- **Action item**
Send each entry back exactly as given, pictures excluded.

═══ Source records

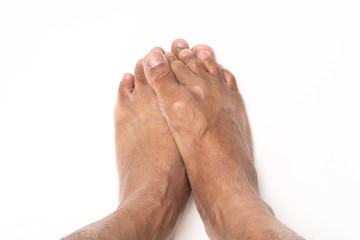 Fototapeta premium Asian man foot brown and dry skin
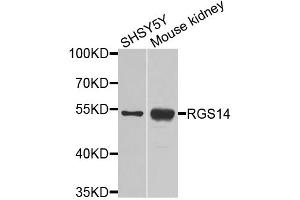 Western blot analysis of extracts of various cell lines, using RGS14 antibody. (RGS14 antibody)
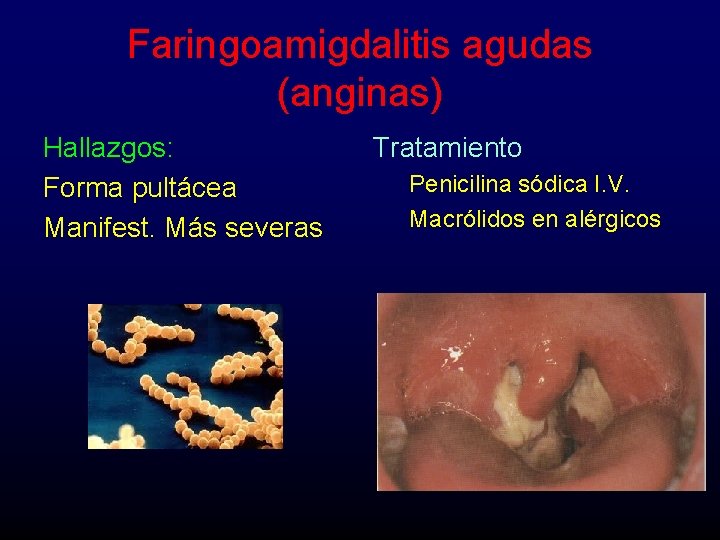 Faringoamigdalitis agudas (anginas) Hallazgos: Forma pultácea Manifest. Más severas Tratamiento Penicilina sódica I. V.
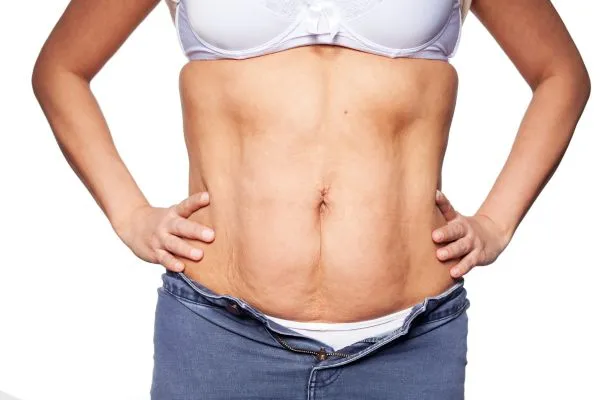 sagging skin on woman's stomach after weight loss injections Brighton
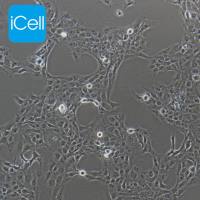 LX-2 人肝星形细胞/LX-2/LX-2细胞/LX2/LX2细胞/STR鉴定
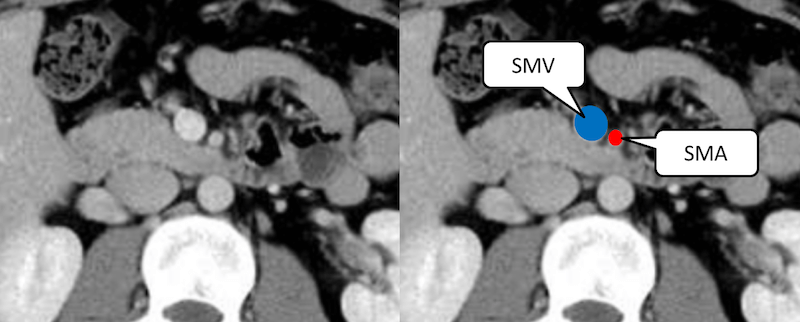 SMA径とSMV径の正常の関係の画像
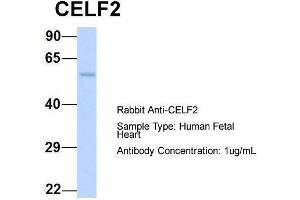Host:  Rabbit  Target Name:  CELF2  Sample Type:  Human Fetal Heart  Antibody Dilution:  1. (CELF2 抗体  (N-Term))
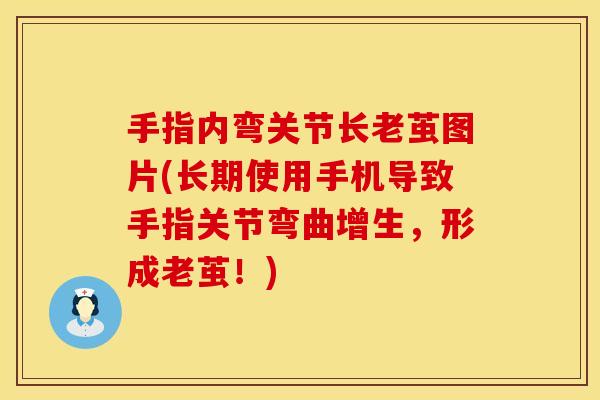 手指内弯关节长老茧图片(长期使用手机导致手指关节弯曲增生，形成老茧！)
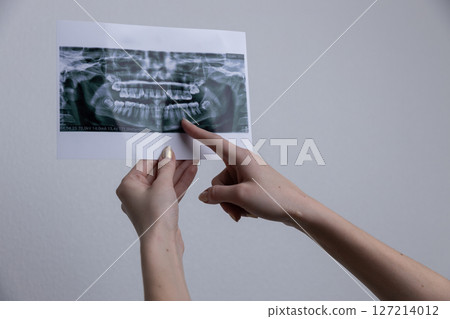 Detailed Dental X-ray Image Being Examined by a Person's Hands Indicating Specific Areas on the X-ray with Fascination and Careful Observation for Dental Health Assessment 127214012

══════

- **Solution below**
 Fototapeta premium Asian man foot brown and dry skin
 Western blot analysis of extracts of various cell lines, using RGS14 antibody. (RGS14 antibody)
 Faringoamigdalitis agudas (anginas) Hallazgos: Forma pultácea Manifest. Más severas Tratamiento Penicilina sódica I. V.
 sagging skin on woman's stomach after weight loss injections Brighton
 LX-2 人肝星形细胞/LX-2/LX-2细胞/LX2/LX2细胞/STR鉴定
 SMA径とSMV径の正常の関係の画像
Host:  Rabbit  Target Name:  CELF2  Sample Type:  Human Fetal Heart  Antibody Dilution:  1. (CELF2 抗体  (N-Term))
 手指内弯关节长老茧图片(长期使用手机导致手指关节弯曲增生，形成老茧！)
 Detailed Dental X-ray Image Being Examined by a Person's Hands Indicating Specific Areas on the X-ray with Fascination and Careful Observation for Dental Health Assessment 127214012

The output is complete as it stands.